# About this exercise:
Repeat everything in the data exactly except images.

# Given information:
((

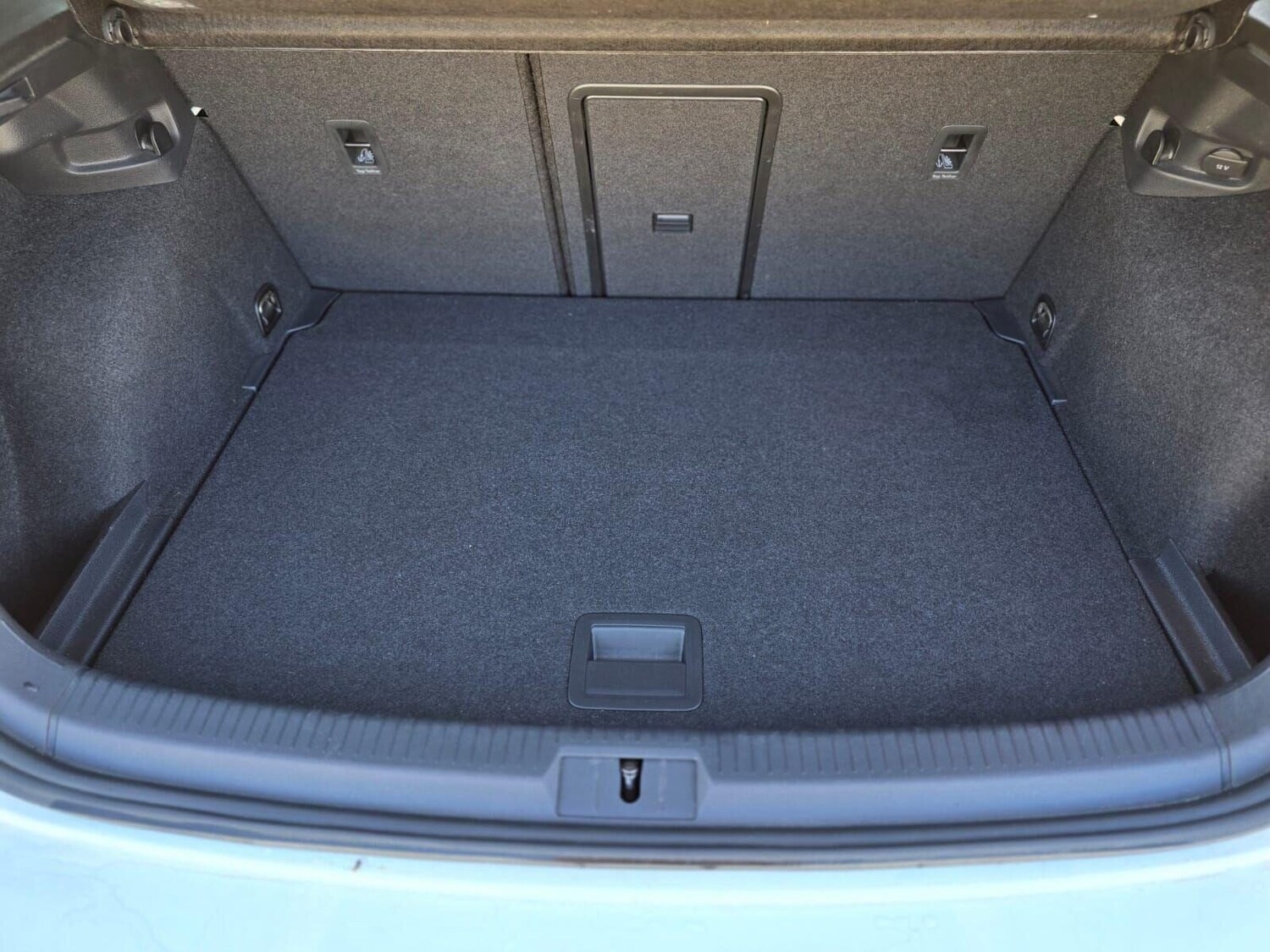 Used Volkswagen Golf 2014 for sale - 76076179: Photo 38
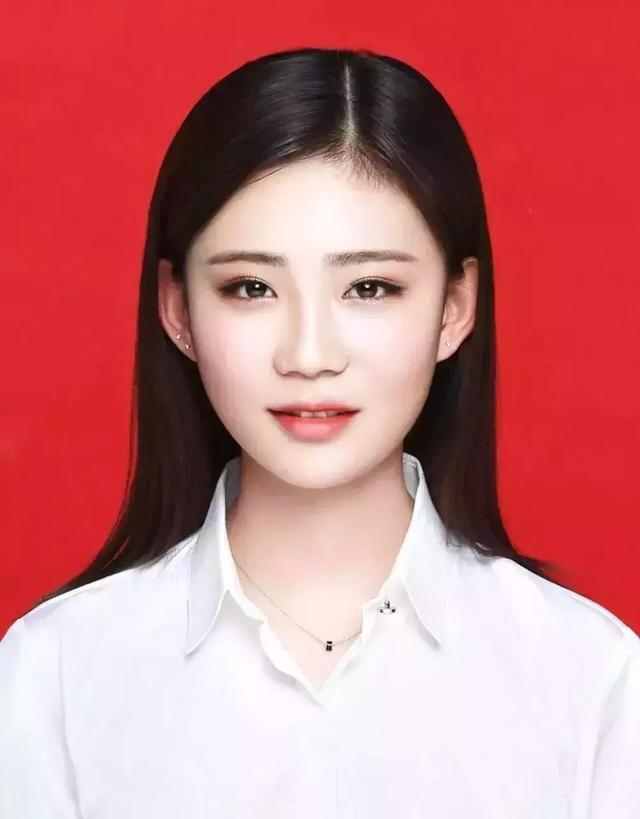 怎样拍白底证件照好看，颜值一般也能拍出最美证件照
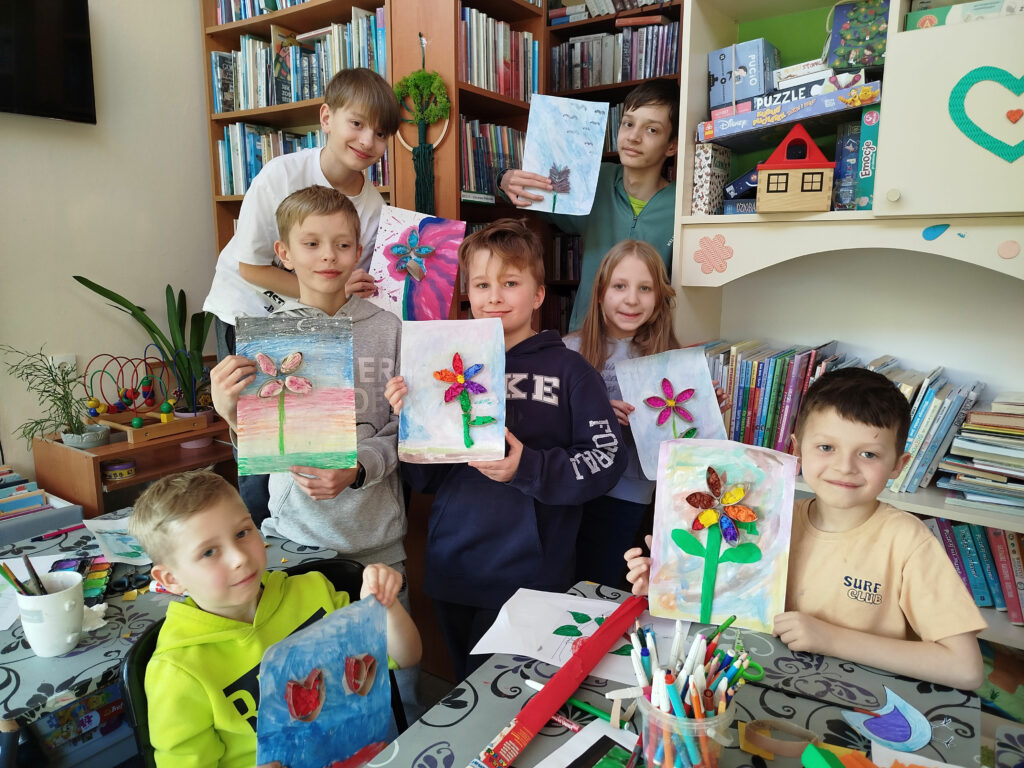 ZAJĘCIA KREATYWNE DLA DZIECI W BIBLIOTECE NA ŹRÓDLANEJ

))

# Reply:
 Used Volkswagen Golf 2014 for sale - 76076179: Photo 38
 怎样拍白底证件照好看，颜值一般也能拍出最美证件照
 ZAJĘCIA KREATYWNE DLA DZIECI W BIBLIOTECE NA ŹRÓDLANEJ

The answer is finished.